- **REQUIRED WORK**: Within the lines below, the span from the line with "Create an image" to the line with "Made with ❤️ by AI.", both ends included, is to be reproduced exactly, with pictures omitted.

- **DATA IN THIS EXERCISE**:
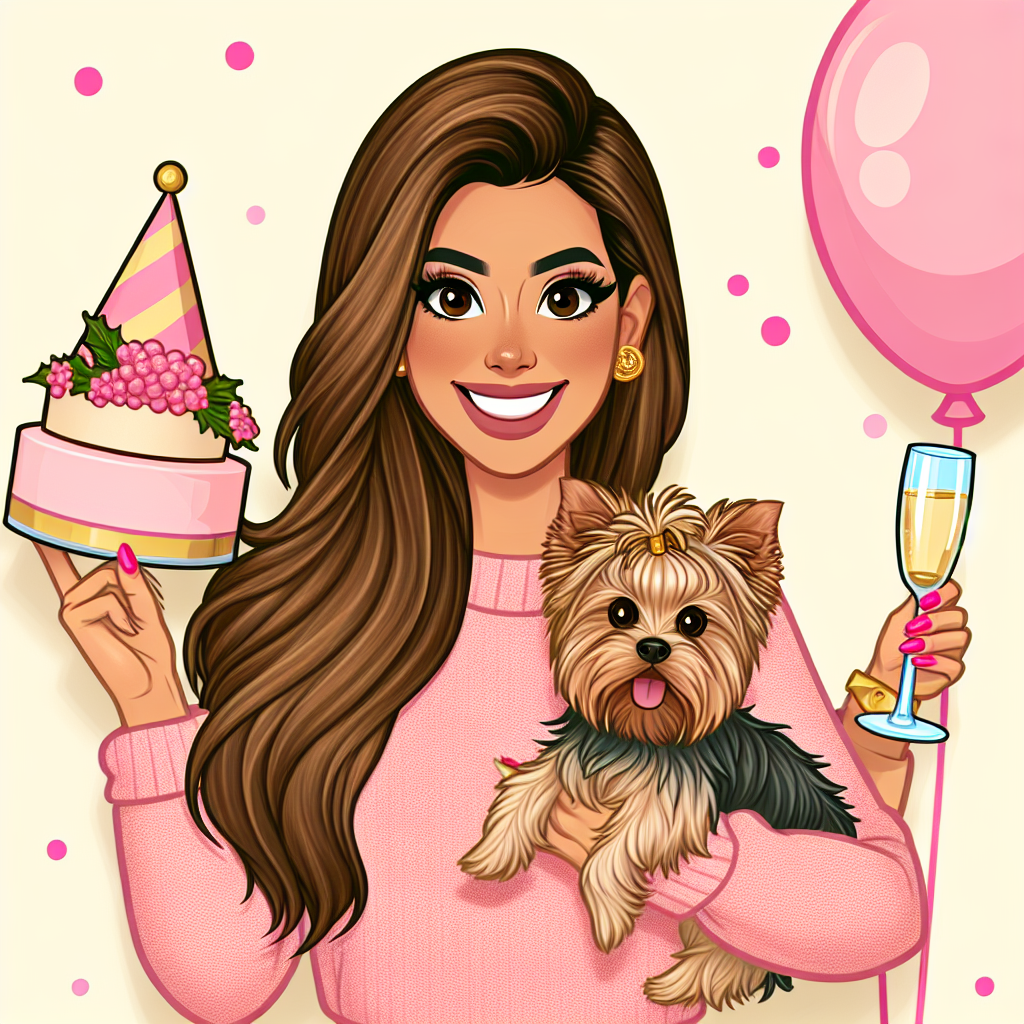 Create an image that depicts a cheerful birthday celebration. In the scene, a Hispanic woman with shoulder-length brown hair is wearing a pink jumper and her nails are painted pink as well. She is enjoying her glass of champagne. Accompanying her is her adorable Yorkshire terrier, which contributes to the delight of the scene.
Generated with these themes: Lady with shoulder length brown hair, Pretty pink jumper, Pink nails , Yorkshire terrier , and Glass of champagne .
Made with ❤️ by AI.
* * *
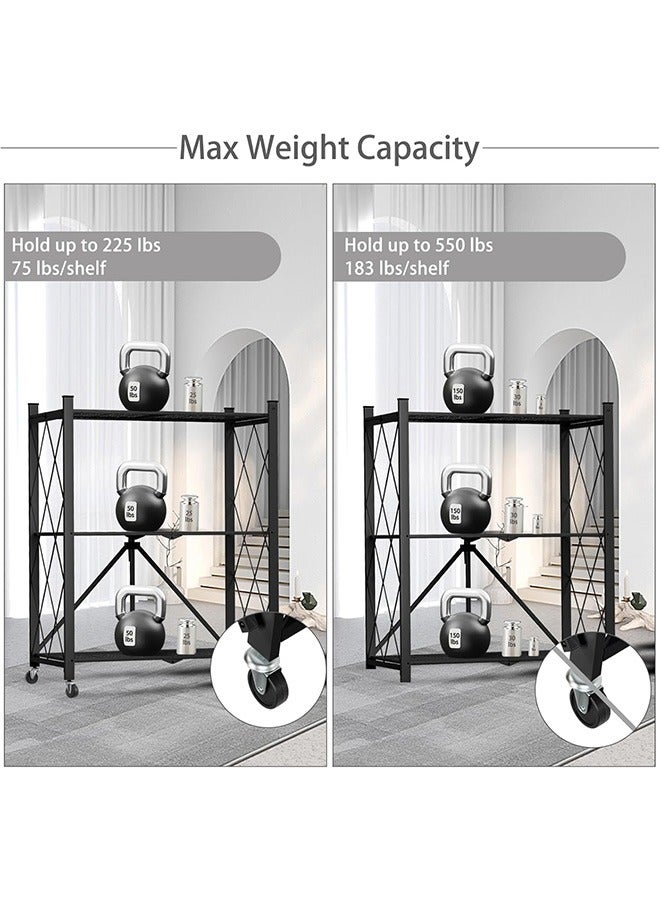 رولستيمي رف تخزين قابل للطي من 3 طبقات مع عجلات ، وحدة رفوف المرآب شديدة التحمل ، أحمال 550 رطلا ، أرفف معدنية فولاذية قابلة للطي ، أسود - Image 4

- **YOUR RESPONSE**:
 Create an image that depicts a cheerful birthday celebration. In the scene, a Hispanic woman with shoulder-length brown hair is wearing a pink jumper and her nails are painted pink as well. She is enjoying her glass of champagne. Accompanying her is her adorable Yorkshire terrier, which contributes to the delight of the scene.
Generated with these themes: Lady with shoulder length brown hair, Pretty pink jumper, Pink nails , Yorkshire terrier , and Glass of champagne .
Made with ❤️ by AI.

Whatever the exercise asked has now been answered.